Tricks I
Zwei junge Männer kommen von der anderen Straßenseite, etwa 30 Meter vor mir, auf mich zu. Auch ohne konzentriert darauf zu achten, bekomme ich mittlerweile mit, wenn sich hier in Dakar eine irgendwie unangenehme Situation anbahnt. Und wenn zwei junge Männer in einiger Entfernung die Straße wechseln, in meine Richtung kommen, einer ein Stück Papier auf der Hand mit einem Warenangebot, werde ich aufmerksam. Ich habe keine Lust meinerseits die Straße zu wechseln und erwarte den Lauf der Dinge, den ich zu kennen meine.

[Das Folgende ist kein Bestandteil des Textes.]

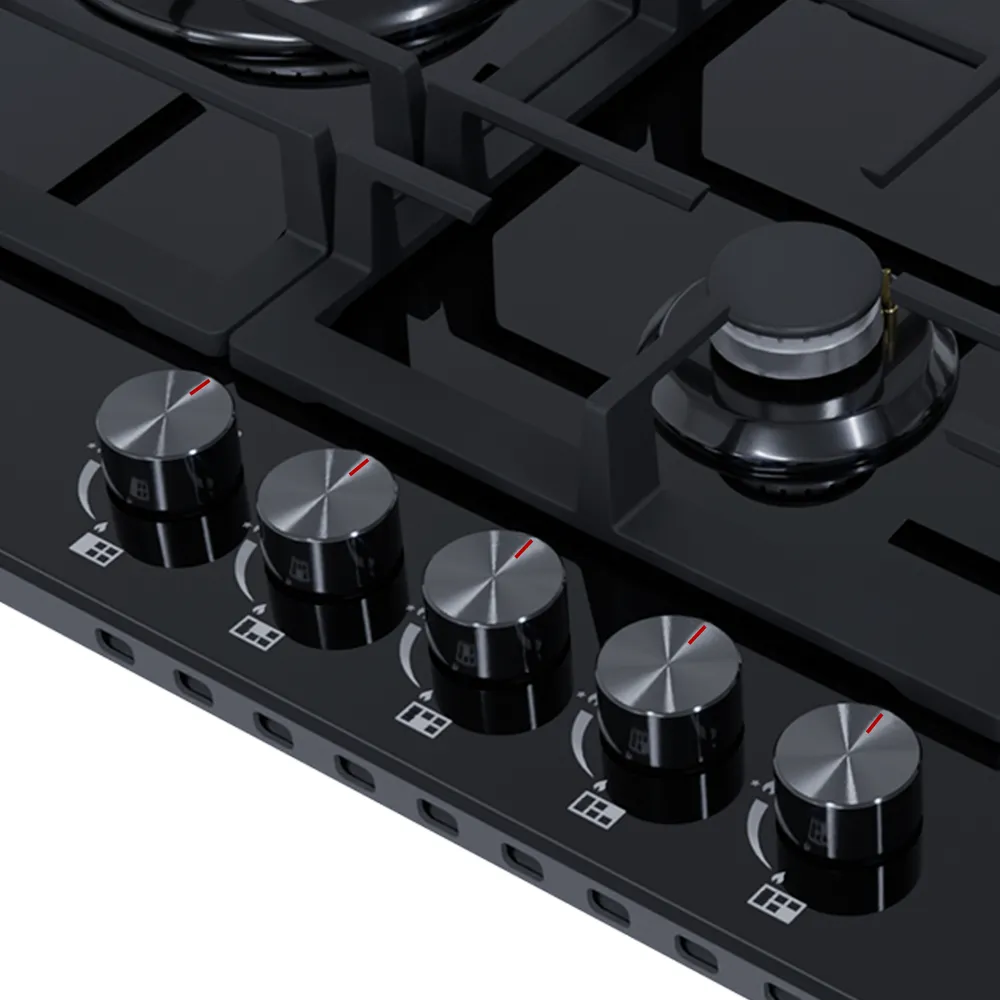 Детальное фото товара: LEX GVG 955 BBL газовая поверхность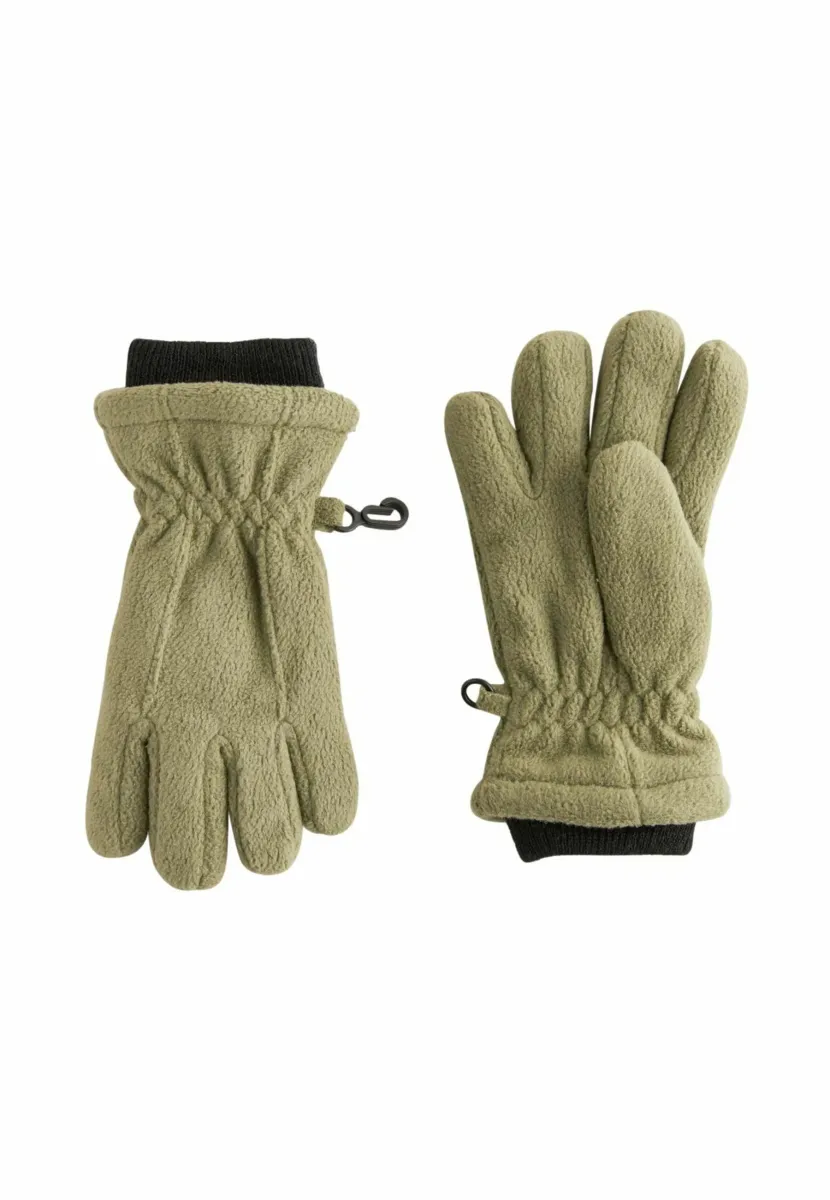 REGULAR FIT - Fingerhandschuh - sage green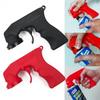 Paint Booster Handle Paint Bottle Adapter Handle Self Spray Can Tool Universal Full Grip Locking Spray Gun Auto Repair Tools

"Monsieur, bonjour, wie geht es Ihnen?" werde ich angesprochen. "Es geht", erwidere ich den üblichen Gruß ohne stehen zu bleiben, worauf die beiden, links und rechts von mir, in meine Richtung mitgehen. "Schauen Sie, ein schöner Armreif. Möchten Sie ihn nicht mal anprobieren?" Er hält mir das Papier hin, auf dem sich drei Armreifen befinden, aus Kupfer, mit eingearbeiteter Kaurimuschel, wie man sie oft hier sieht. "Nein danke", sage ich, und weiß, dass ich die Hemdtaschen zugeknöpft, nichts in den Hosentaschen und auch keine Armbanduhr oder Schmuck an mir habe. Denn der Trick beruht darauf, durch Ablenkung der Aufmerksamkeit, behinderte Sichtmöglichkeit und möglichst noch einen kleinen Rempler eine Situation zu schaffen, in der mit Geschick in die Taschen des Opfers gegriffen werden kann. So habe ich es mehrfach im Zentrum von Dakar erlebt.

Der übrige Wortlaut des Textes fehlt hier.